Record set Block Start
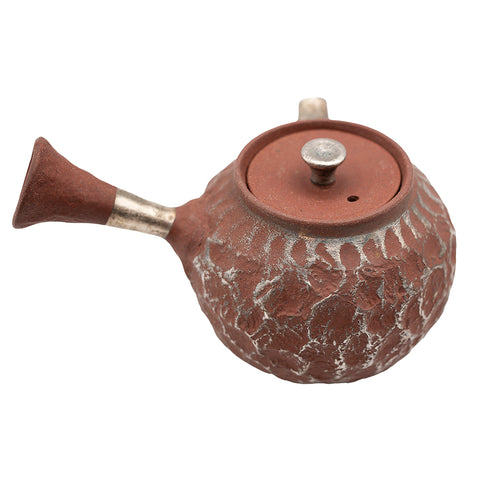 Théière en argile rouge à anse latérale avec motif météore argenté # 94421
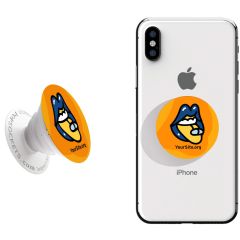 white iPhone with a popsocket attached to it with an imprint of a prep mouth taking a pill and yoursite.org text below it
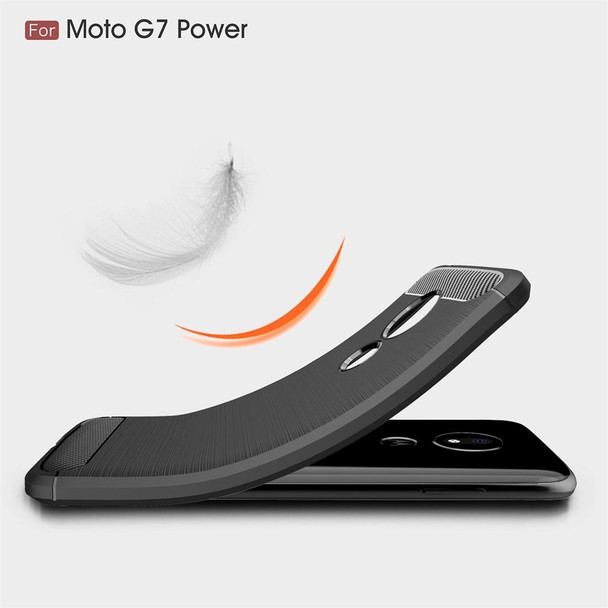 Brushed Texture Carbon Fiber TPU Case for Motorola Moto G7 Power EU Version(Red)
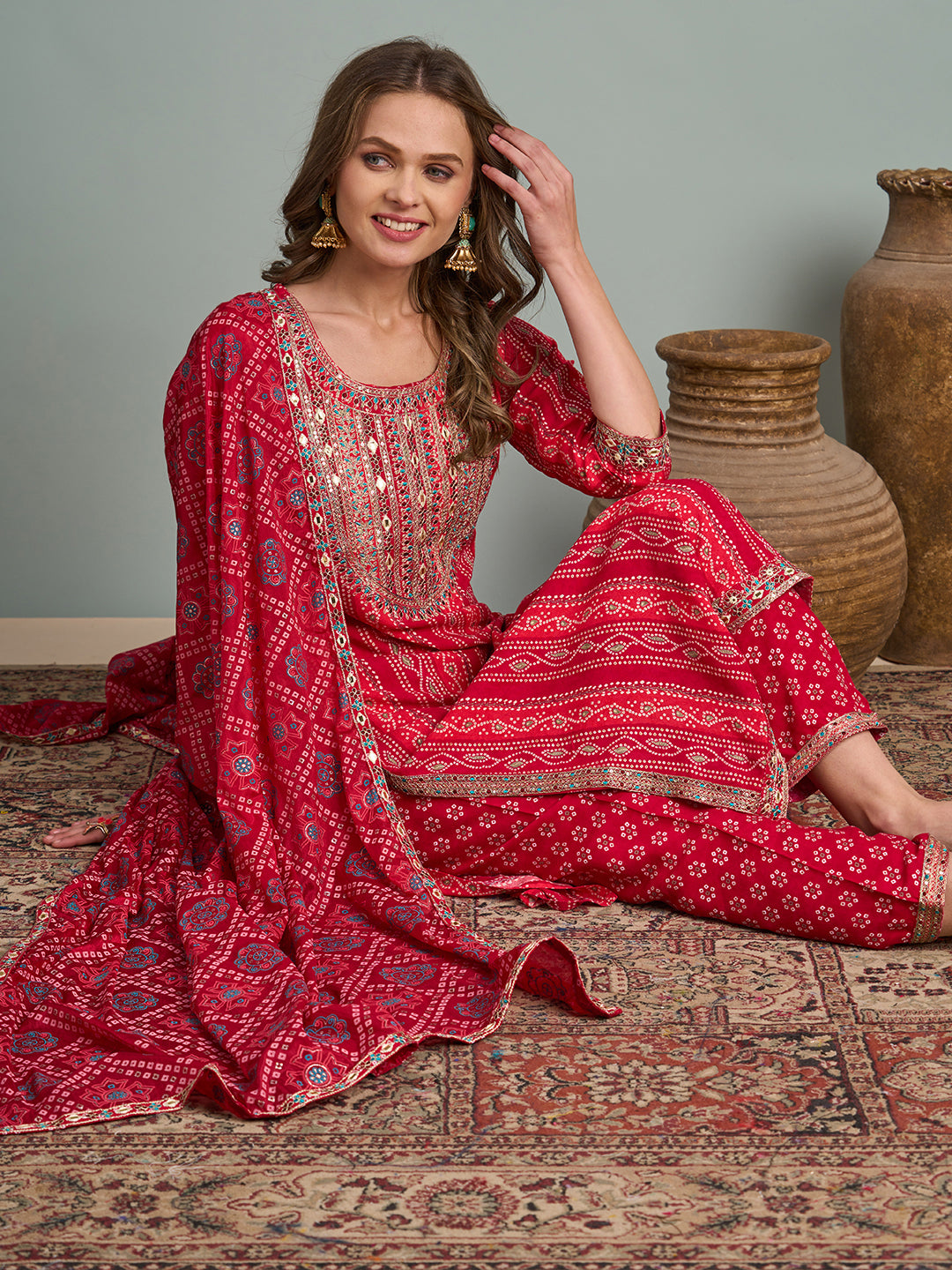 Bandhani Printed & Embroidered Straight Fit Kurta with Pant and Dupatta - Pink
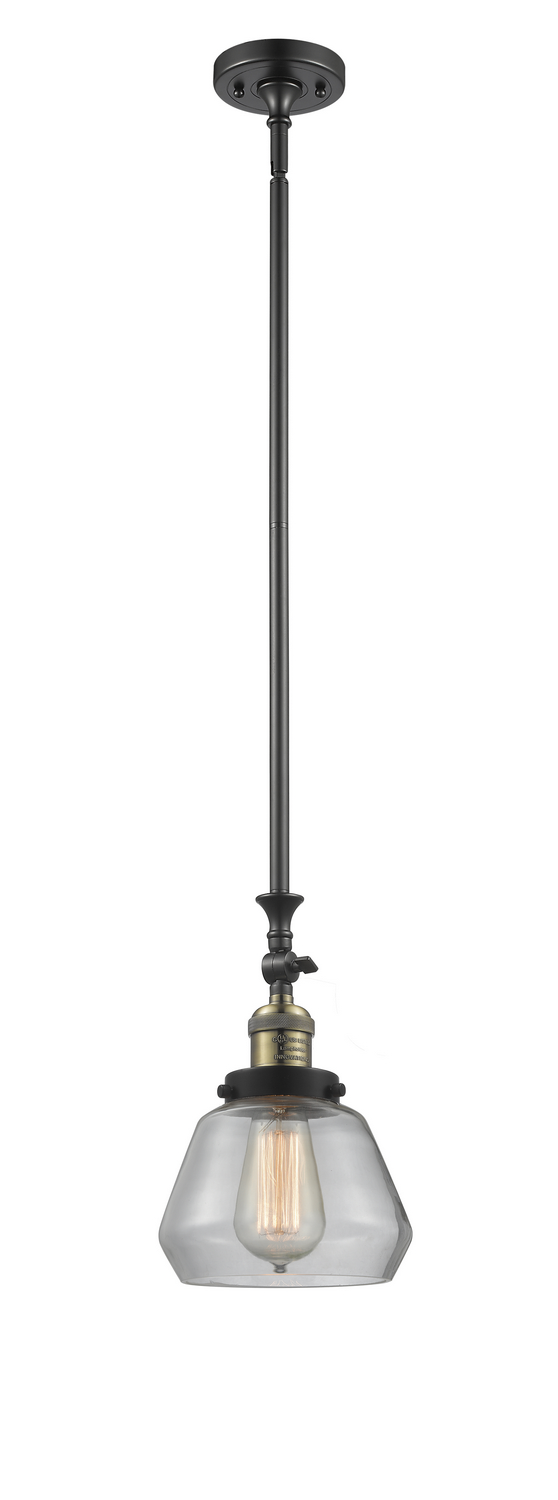 One Light Mini Pendant by Innovations - Franklin Restoration Collection, Black Antique Brass Finish - 206-BAB-G172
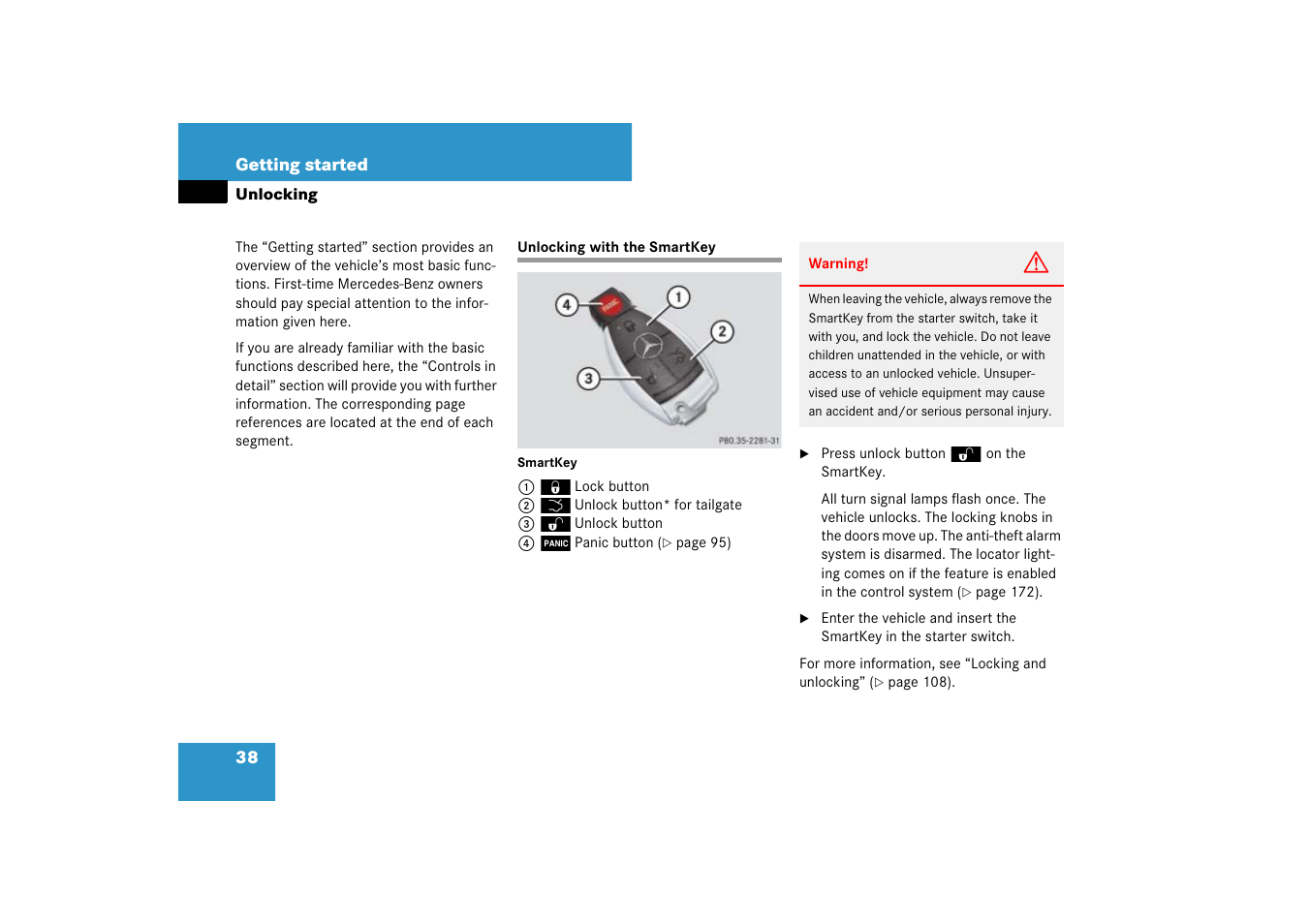 Door:locking/unlocking, smartkey, Key, smartkey:locking/unlocking, Unlocking | Unlocking with the smartkey | Mercedes-Benz M-Class 2007 Owners Manual User Manual | Page 39 / 585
Record set Block End
What the exercise asks - Every line from the one with "One Light Mini" through the end of the records above belongs in the answer, copied exactly; no picture does.

Exercise answer -
 One Light Mini Pendant by Innovations - Franklin Restoration Collection, Black Antique Brass Finish - 206-BAB-G172
 Door:locking/unlocking, smartkey, Key, smartkey:locking/unlocking, Unlocking | Unlocking with the smartkey | Mercedes-Benz M-Class 2007 Owners Manual User Manual | Page 39 / 585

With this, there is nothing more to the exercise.